What to produce
In the records below, find the line with "una ducha con" and repeat it and every line after it, exactly, without any pictures.

Given data

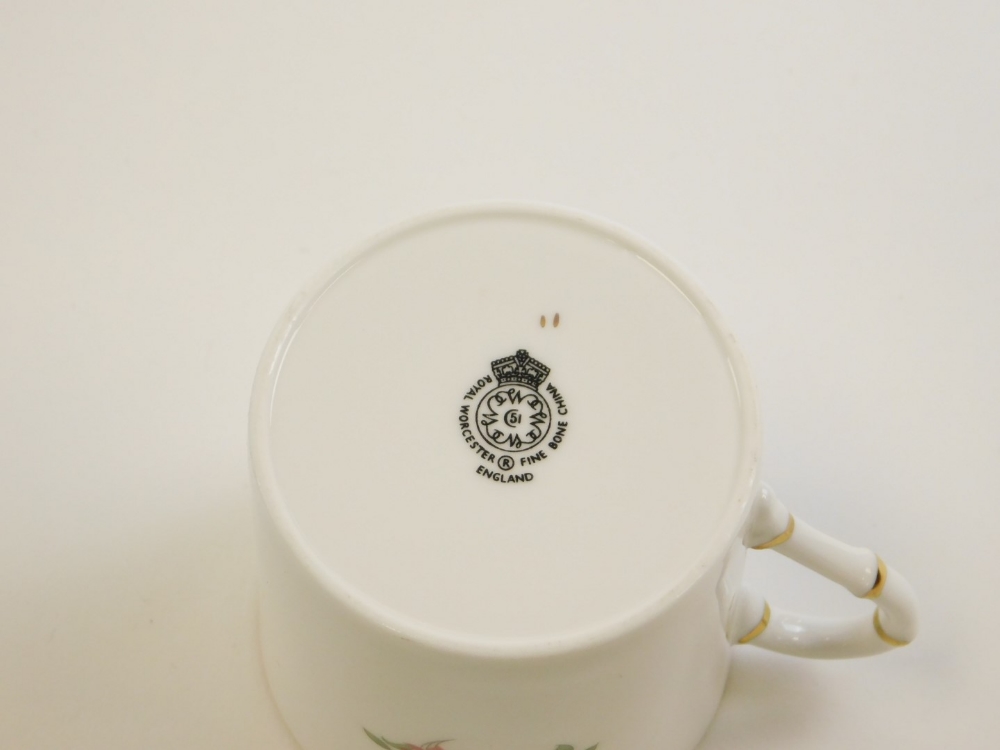A part set of Royal Worcester coffee cans, comprising six saucers with gilt decoration and floral de - Image 2 of 3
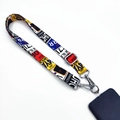 Detail of vintage license plate printed phone strap with adjustable metal buckles and hooks - Graffiti Letters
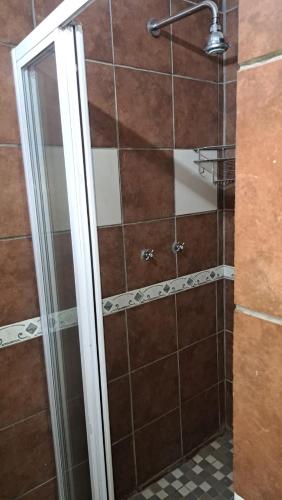 una ducha con puerta de cristal en un baño en At Home Guest House, en Postmasburg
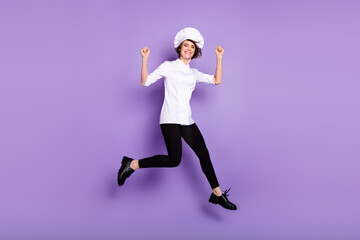 Full length body size view of lovely cheerful girl chef jumping having fun walking isolated over bright violet purple color background
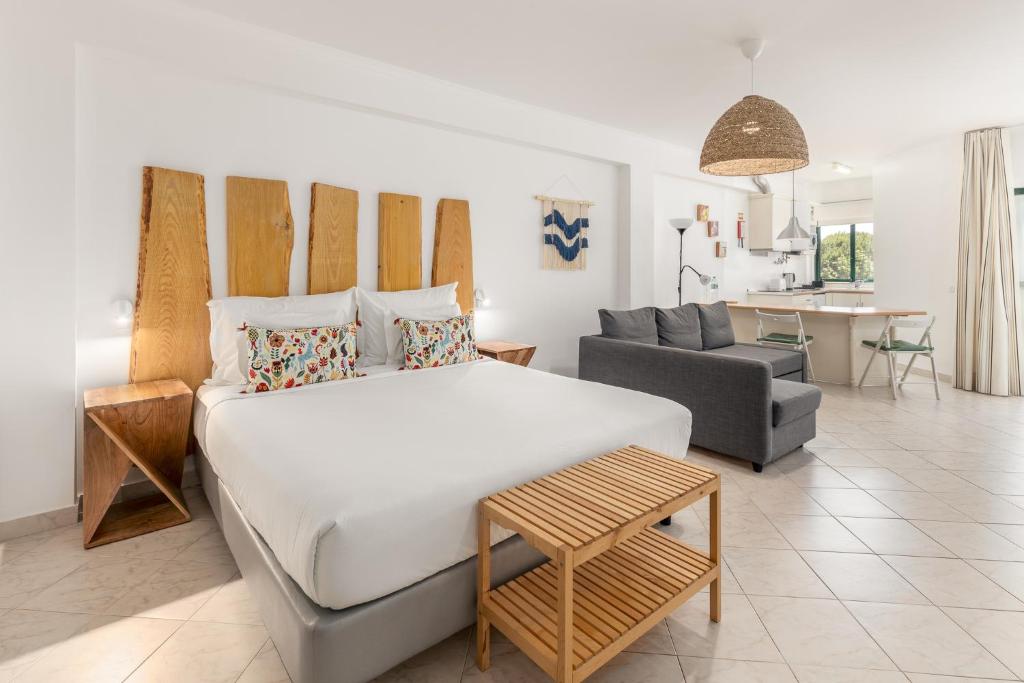 a bedroom with a large white bed and a couch at Estudios Salinas - Fuseta in Fuzeta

Expected answer
 una ducha con puerta de cristal en un baño en At Home Guest House, en Postmasburg
 Full length body size view of lovely cheerful girl chef jumping having fun walking isolated over bright violet purple color background
 a bedroom with a large white bed and a couch at Estudios Salinas - Fuseta in Fuzeta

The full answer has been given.